Phuket Gazette Thailand News: EU to provide 200,000 euros to assist Rohingya refugees in Thailand
– Thailand news selected by Gazette editors for Phuket’s international community
PHUKET: The European Union is committing 200,000 euros to provide humanitarian assistance to Rohingya refugees being detained in Thailand, the EU Delegation to Thailand announced on Friday.
The help will be directed to Rohingya men at detention centres and Rohingya women and children at social welfare facilities.
The International Organization for Migration (IOM) will take charge of the aid, which will provide the Rohingya with basic household items, food and health care.
The project will be monitored by the EU’s Humanitarian Aid and Civil Protection department (ECHO), which maintains a regional office in Bangkok.
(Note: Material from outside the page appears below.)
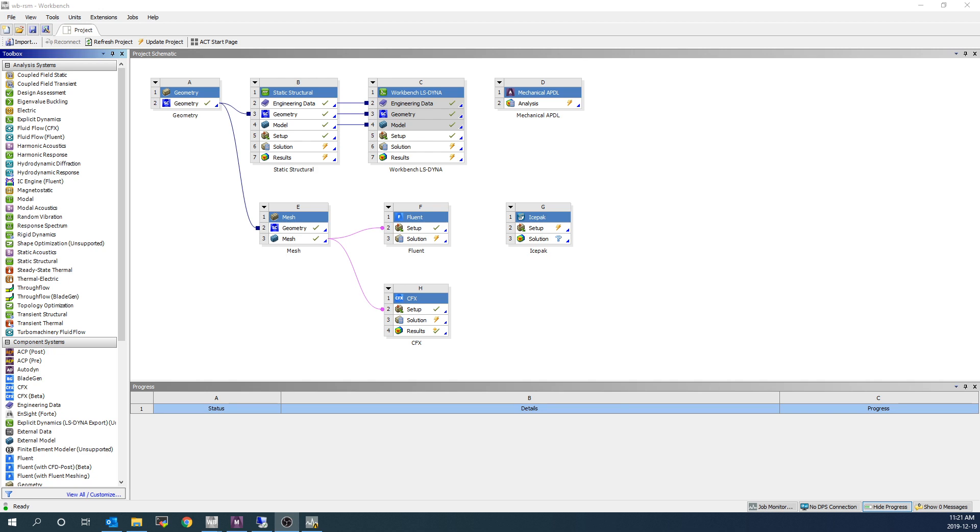Hello, this is Alex Pickard of SimuTech Group. Today I'm going to be doing a demonstration of submitting ANSYS simulations from different ANSYS products to Remote Solve Manager, or RSM, from within the Workbench environment.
The funding decision was made after ECHO experts, accompanied by ECHO’s Director of Operations, Jean-Louis de Brouwer, paid a visit to one of the detention facilities in May.
Some 2,000 Rohingyas, fleeing communal violence in Myanmar, were intercepted in Thailand in early 2013, while trying to reach Malaysia.
Central government funding to provide food and basic care to the refugees is minimal and donations from local communities have dried up, prompting the Head of the EU Delegation to Thailand, David Lipman, to express the EU’s concern about conditions in these facilities.
“We are worried that the unhealthy and overcrowded conditions inside these facilities are detrimental to the health of the refugees” he explained.
“Men and boys are being held in separate facilities from their families and they live in constant fear of being repatriated. We therefore urge the government to work together with international agencies in finding durable solutions for these refugees.”
Following inter-communal violence in Rakhine State in Myanmar, thousands of Rohingyas have been fleeing on boats, hoping to reach Malaysia.
Since January some 2,000 Rohingya men, women and children have been detained, while trying to cross Thailand into Malaysia. Rohingya families have been split up, with women and children sent to government-run shelters separate from the men, who are placed in immigration detention centers.